Spiraling into the Abyss

The government’s bailout spiral continued yesterday, with Bank of America getting it’s own special bailout deal, Congress allowing the second $300 billion of the TARP to be released, and Congress unveiling the Obama $825 billion stimulus package.

The circumstances behind the Bank of America deal was remarkable.  CEO Ken Lewis said the company was fine and didn’t need any TARP money.  Then they met in secret in mid-December with the Treasury and basically told the government that they needed their own bailout, or else they would not be able to complete the Merrill Lynch deal.  Then, almost a month later, they announce that they got their deal.  As a publicly traded company, I have no idea how they got away with this.  That is material information, that directly effects their share price.  Millions of investors were duped into thinking their company was safe, when behind closed doors, they were clamoring for taxpayer money.  Can you say, “lawsuit?”

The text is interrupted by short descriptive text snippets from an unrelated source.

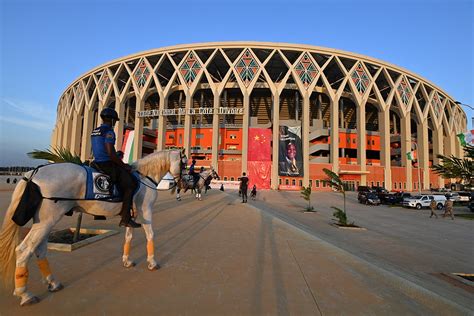 Côte dIvoire le stade dEbimpé gazon maudit Jeune Afrique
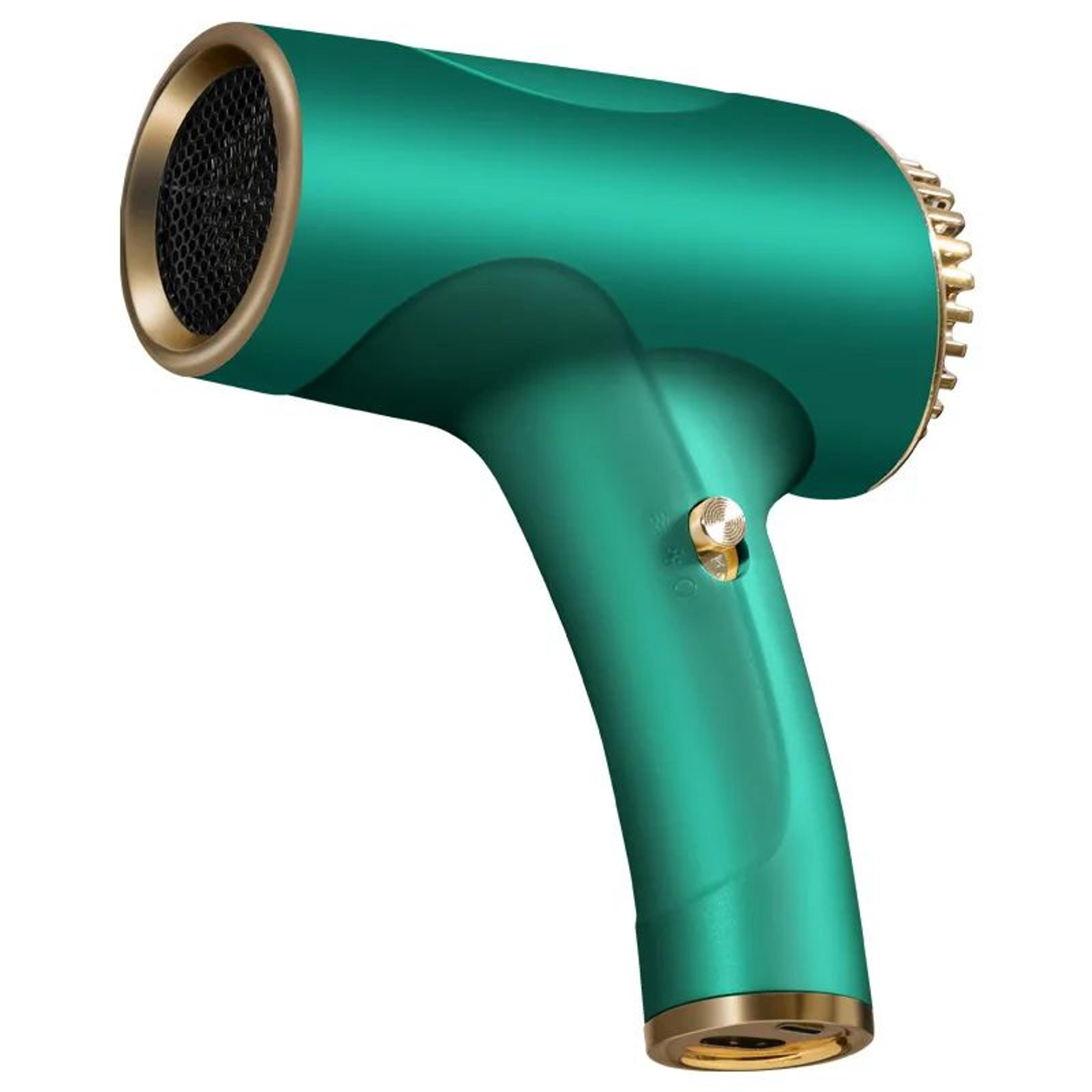Wireless Portable Ionic Hair Dryer 9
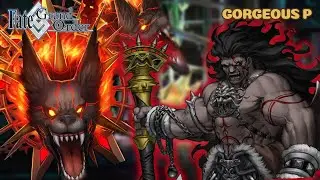 【FGO NA】Recreating the labor | LostBelt No. 5 - Cerberus vs Heracles Solo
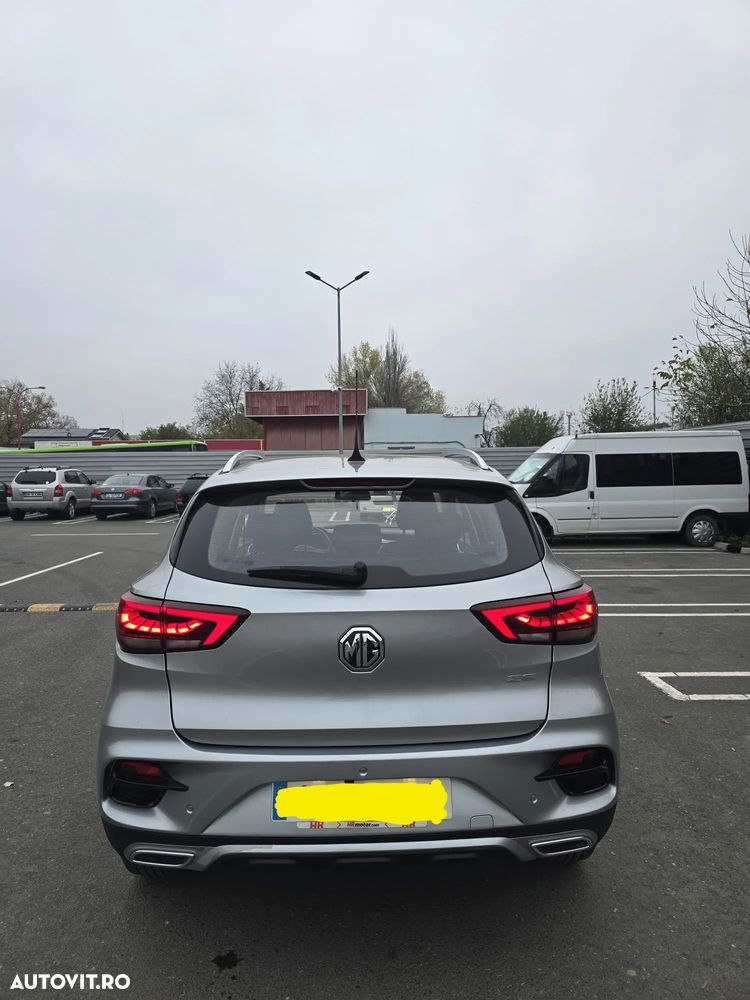MG ZS 2022 — imagine 11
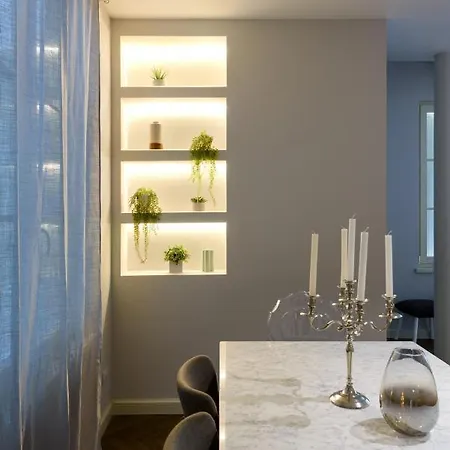 Mercatovecchio Design Апартаменты Удине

The terms of the B of A bailout are crazy as well.  They get a $20 billion direct infusion, and they are only responsible for the first 10 percent of the Merrill losses.  The government will shield the company from the rest of the losses, which could amount to over $100 billion!  This is all on top of the TARP money they have already received.

When are all the bailouts going to stop?  The problem with all these direct infusions is that it is like a dog chasing it’s tail.  As more losses mount from the banks’ bad bets, the more money they need.  It’s an endless cycle.  I’ve been reading a lot of articles about deflation, and they all call it the “death spiral,” but I think the current direction of the Federal Government is the real death spiral.

In retrospect, the original TARP plan looks much better than the one Paulson single-handedly enacted.  The TARP was meant to buy the troubled assets off of the banks’ books, allowing them to basically clear themselves of all the bad debt they are still strapped with.  By directly putting money into banks, it allowed them to pad their balance sheets, but didn’t rid them of bad assets.  Now, as the assets cause more and more losses, we are having to give out more and more money.  It could take trillions to finally get it to balance out, and it looks like our government will do anything and everything to save the banking industry.

The government and the big banks have us believing that our economy and banking industry are one in the same.  They aren’t.  If the banks fail, our economy won’t stop.  There would be some pain as a new system emerges, but eventually a new model would have arisen.  Maybe this is showing us that fractional reserve banking isn’t the best idea, and that a Central Bank, like the Federal Reserve, can cause huge booms and bigger busts.  At what point do we look at the system and realize that it is too broken to fix?

Instead, our government is willing to pump trillions of taxpayer dollars into these banks, trying to prop up the failed model.  Also, with all these bailouts and backstops (like the FDIC), we are inviting banks to make bad investments because they know the Federal Government will be there to save them.

At what point is enough enough?  There are already signs that a private lending industry could be forming.  The Carlisle Group supposedly has over $40 billion in cash they are waiting to put to use.  If big banks won’t lend, high-net worth individuals and private firms will eventually fill the void.  They will lend at interest rates that will allow them to account for the risk they are taking, not one that is artificially set by the Federal Reserve.  Instead of encouarging this kind of competition, the government instead is focusing it’s efforts and our money trying to bring a corpse back to life.